Earlier this month, at a full meeting of Dorset Council, I spoke against paying six newly appointed Lead Members an additional allowance of £10,000. These new positions have been created to assist certain cabinet members with their portfolio. Whilst I do not think that now, with so many people facing a very uncertain financial future as a result of the Covid restrictions, and with Council itself having taken a substantial financial hit, was the right time to do this, the argument I tried to make was somewhat different. I tried to say that I would feel much more inclined to support these allowances if the new posts were open to all councillors, not just those who are members of the ruling party. The problem with the current cabinet system is that it either dampens debate, or hides it from public scrutiny. This became very obvious at this week’s Cabinet meeting.

Either there is very little (if any) discussion and debate at Cabinet level (which I find very hard to believe) or this debate occurs in private. On both counts this is very unhealthy.
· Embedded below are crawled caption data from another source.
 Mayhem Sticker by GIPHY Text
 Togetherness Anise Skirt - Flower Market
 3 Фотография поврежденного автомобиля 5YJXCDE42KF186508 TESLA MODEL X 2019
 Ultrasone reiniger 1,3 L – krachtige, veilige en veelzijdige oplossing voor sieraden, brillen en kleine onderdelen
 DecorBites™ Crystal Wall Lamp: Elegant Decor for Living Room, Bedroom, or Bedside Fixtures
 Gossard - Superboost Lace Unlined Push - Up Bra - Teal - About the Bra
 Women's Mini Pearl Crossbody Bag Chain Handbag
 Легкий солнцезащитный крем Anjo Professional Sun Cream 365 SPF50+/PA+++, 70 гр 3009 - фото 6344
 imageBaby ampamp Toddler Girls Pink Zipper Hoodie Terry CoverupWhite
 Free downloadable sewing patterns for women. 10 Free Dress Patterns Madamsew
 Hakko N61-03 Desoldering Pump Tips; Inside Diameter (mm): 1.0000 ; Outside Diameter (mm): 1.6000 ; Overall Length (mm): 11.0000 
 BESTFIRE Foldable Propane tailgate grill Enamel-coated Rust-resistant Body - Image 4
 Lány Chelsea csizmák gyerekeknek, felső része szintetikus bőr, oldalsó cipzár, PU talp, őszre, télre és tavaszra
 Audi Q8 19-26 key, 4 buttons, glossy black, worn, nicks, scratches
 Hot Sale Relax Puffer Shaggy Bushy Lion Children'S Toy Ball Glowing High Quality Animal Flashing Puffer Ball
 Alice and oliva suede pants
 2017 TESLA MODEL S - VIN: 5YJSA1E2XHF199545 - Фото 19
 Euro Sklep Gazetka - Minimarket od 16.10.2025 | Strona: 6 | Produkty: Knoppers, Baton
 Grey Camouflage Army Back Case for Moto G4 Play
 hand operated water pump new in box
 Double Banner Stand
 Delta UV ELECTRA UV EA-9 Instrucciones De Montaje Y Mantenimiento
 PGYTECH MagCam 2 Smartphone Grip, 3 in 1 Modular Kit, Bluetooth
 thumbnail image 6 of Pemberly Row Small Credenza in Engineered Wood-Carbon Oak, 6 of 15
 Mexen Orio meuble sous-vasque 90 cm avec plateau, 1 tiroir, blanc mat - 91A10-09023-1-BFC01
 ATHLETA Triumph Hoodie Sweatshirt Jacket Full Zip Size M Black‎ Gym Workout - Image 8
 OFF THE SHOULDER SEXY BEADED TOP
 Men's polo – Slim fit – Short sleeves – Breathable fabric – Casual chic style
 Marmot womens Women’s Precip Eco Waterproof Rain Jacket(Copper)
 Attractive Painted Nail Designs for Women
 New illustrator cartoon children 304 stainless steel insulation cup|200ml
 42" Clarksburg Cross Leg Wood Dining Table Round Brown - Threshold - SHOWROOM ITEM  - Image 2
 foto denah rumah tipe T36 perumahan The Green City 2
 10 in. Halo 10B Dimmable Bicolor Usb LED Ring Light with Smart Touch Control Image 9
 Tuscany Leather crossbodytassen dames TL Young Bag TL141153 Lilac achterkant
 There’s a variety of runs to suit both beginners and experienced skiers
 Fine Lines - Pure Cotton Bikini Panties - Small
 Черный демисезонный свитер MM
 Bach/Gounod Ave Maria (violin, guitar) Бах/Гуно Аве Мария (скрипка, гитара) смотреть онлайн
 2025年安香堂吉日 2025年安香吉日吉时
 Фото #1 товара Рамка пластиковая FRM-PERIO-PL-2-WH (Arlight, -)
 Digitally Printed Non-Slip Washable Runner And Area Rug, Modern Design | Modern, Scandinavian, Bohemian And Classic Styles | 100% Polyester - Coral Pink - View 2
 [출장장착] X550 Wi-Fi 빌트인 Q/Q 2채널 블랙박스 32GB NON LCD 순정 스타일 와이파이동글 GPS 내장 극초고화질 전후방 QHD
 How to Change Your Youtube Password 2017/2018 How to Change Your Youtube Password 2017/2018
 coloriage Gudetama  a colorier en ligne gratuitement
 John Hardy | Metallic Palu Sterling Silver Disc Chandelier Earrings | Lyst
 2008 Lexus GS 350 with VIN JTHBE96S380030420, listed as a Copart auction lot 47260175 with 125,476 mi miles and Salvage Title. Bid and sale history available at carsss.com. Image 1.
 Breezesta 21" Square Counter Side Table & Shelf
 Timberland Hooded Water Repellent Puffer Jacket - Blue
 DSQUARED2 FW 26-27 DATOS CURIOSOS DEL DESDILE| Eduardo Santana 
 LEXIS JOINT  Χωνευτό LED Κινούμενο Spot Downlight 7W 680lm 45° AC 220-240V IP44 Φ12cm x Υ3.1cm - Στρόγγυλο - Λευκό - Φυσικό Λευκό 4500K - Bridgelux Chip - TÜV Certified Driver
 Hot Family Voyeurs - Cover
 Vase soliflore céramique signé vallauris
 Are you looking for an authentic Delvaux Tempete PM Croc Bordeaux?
At all the Cabinet meetings that I have attended there are a range of proposals on the agenda for official approval. For each one the cabinet member responsible presents the report and its recommendations. Following this there is the opportunity for other members to ask questions (which usually receive straight forward replies). However, even if a councillor manages to provoke something approaching a debate, by the time it comes to the cabinet deciding on the proposal you get the very strong impression that everything has already been decided. The Chair invites the Cabinet to approve the agenda item, and they do. Simples. Which leads to the obvious questions: Do the Cabinet members not have questions? How can they always be in agreement? The answer to these are yes, they must have; and, they can’t. The problem is that these questions and any dissent are not aired in front of their fellow councillors and any members of the public who decide to attend. I can’t help thinking that this might change if members of different parties were involved in the background discussions.

Also at Cabinet is the opportunity for councillors and members of the public to ask questions on any topic that they think important. These questions get a formal reply from the Cabinet member responsible. And when I say formal I mean the reading of a written statement that more often than not tries to avoid directly answering the question asked. A really good example of this occurred this week when a member of the public asked: “In view of the ongoing crisis in the affordability of housing for younger working people in Dorset, does the cabinet have any plans to build or provide ‘Council Housing’”? This question about the future received a factual statement of the present in reply: “Dorset Council is a non-stock holding authority. It does not have a Housing Revenue Account and therefore is unable to access finance and borrow money to build houses in the same way Councils with their own housing stock can.” This was a classic example of avoiding the question. And there was no opportunity for the avoidance to be challenged.

Whilst only approximately half of local authorities still have a Housing Revenue Account (HRA) there is nothing, as far as I can see, to prevent them from opening one again. Doing so would enable the Council to borrow money cheaply to build their own housing stock, and to have more control over that housing stock in terms of building specifications and cost than they do over other social housing providers. What I find so frustrating is knowing how to get a serious debate started within the Council. In this and many other areas (our response to the climate crisis for example) I feel that any debate that does take place takes place behind closed doors – safely away from any unwanted influence or awkward questions. This is unhealthy. No one, and no political party has all the answers to the problems we face. The decisions we make need to be made after listening to as many viewpoints as possible, after drawing on the widest range of experience and expertise that we have. This is why I am so opposed to the Cabinet system of local government.